In response to Google’s announcement that it is purchasing 48 megawatts of wind power for its data centre in Oklahoma, Greenpeace International Senior IT Analyst Gary Cook released the following statement:
Google’s announcement today shows what the most forward-thinking, successful companies can accomplish when they are serious about powering their operations with clean energy. Google faced a local grid mix of over 50% coal power for its Oklahoma data center. But as a major electricity customer in the state, Google worked with its local utility to secure a new supply of renewable wind energy.
As Google powers more of its data center fleet with clean energy, it sends a signal to other IT companies and electric utilities around the world that renewable energy is not only possible, but is simply smart business in the 21st century economy.
As highlighted in this week’s New York Times series “The Cloud Factories” (1), the energy demand of our online world has real-world impacts, but Google has shown that those impacts can be positive, not negative, if they bring us more clean energy.

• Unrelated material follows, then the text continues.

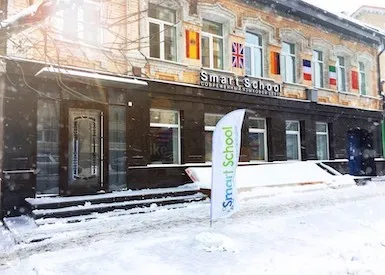 Английский для взрослых с нуля, фото 3
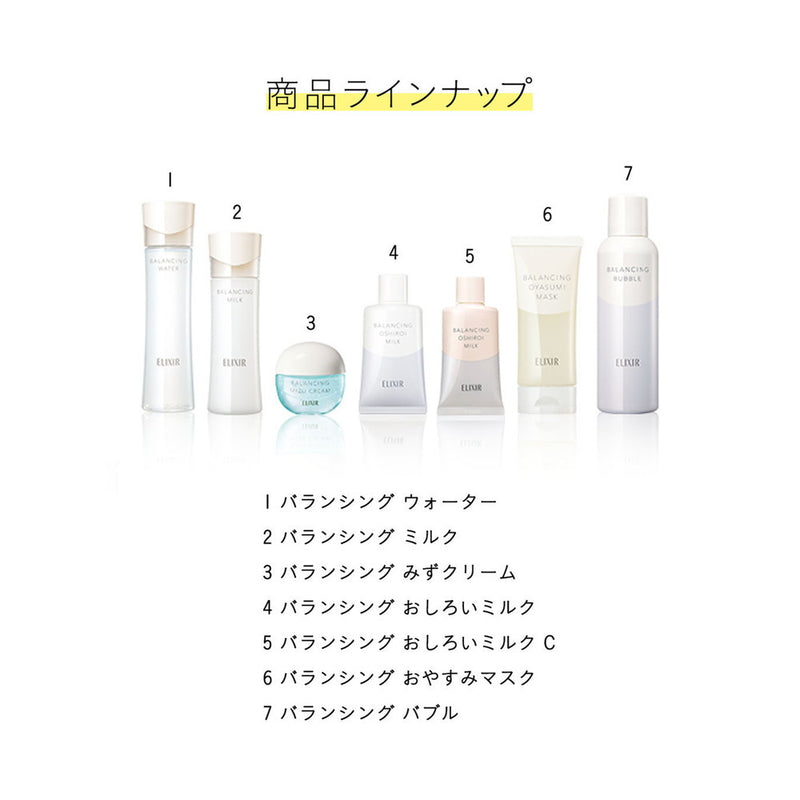 Shiseido Elixir Refre Balancing Water 2 (Refill) 150ml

Google’s announcement also further sharpens the choice that people and businesses have when deciding what search, mail and cloud platforms to use. While both Google and Microsoft have committed to being “carbon neutral,” unlike Google, Microsoft has yet to significantly invest in clean energy. Microsoft has instead continue to build data centres attached to dirty sources of electricity and sought to mask its dirty energy supply with carbon offsets and renewable energy credits. If Microsoft wants environmentally-minded customers to choose Bing, Outlook and its Microsoft Office cloud, it needs to follow Google’s lead and invest in renewable energy.